Plan C is what the Strategy guys always want to go for, because they can't recognize when the repucussions happen. They just tell themselves it's those good for nothing engineers screwing up again.

But too often there's been one guy ithe engineering group who values accolades over stability and will offer to be a hero, only to wander off without finishing anything. Later in life I've realized I should have suffered through more of the issues at companies where the team at least had solidarity. I knew I wanted that in a team, but didn't know that I needed it.




That's why you don't offer a Plan C. There's a fast-but-dangerous Plan B, with a risk analysis. You've warned them what can happen, in writing. Now, if something goes wrong that you didn't warn about, there could be other repercussions, but that's still better than not warning them at all, which easily makes you the "But no one told me this could happen!" scapegoat.

Plan C doesn't differ from Plan B in terms of technical approach.

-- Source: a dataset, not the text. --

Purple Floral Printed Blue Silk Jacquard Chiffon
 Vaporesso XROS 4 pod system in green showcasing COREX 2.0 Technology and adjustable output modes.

It differs in terms of the consequences of failure - not the technical consequences, but the political consequences.

My first really interesting project that led me down the sort of DevOps/Agile trail was in the mid-1990s, when I helped write a risk management and contingency planning process for the mid-sized company where I worked. One of the features of the process was that management could not reject a risk analysis on any grounds except incompleteness. They couldn't say "I don't want that written down!" They had to sign off on it, in writing.

This turned out to be very popular with both teams and management. Teams felt they were finally getting the opportunity to cover their asses, and management finally felt like they were getting straight answers from the teams about actual risks. In the earlier lack of process, teams were at least passively discouraged from honest, written risk analysis, as naysayers who were resisting business opportunities. Worse, if a warning was given and then the problem happened, the people who warned were blamed for not preventing the problem!

When we beta-tested the analysis process, the first project that tried it actually turned down business because it was too risky. That had never happened before. We probably saved the company many millions.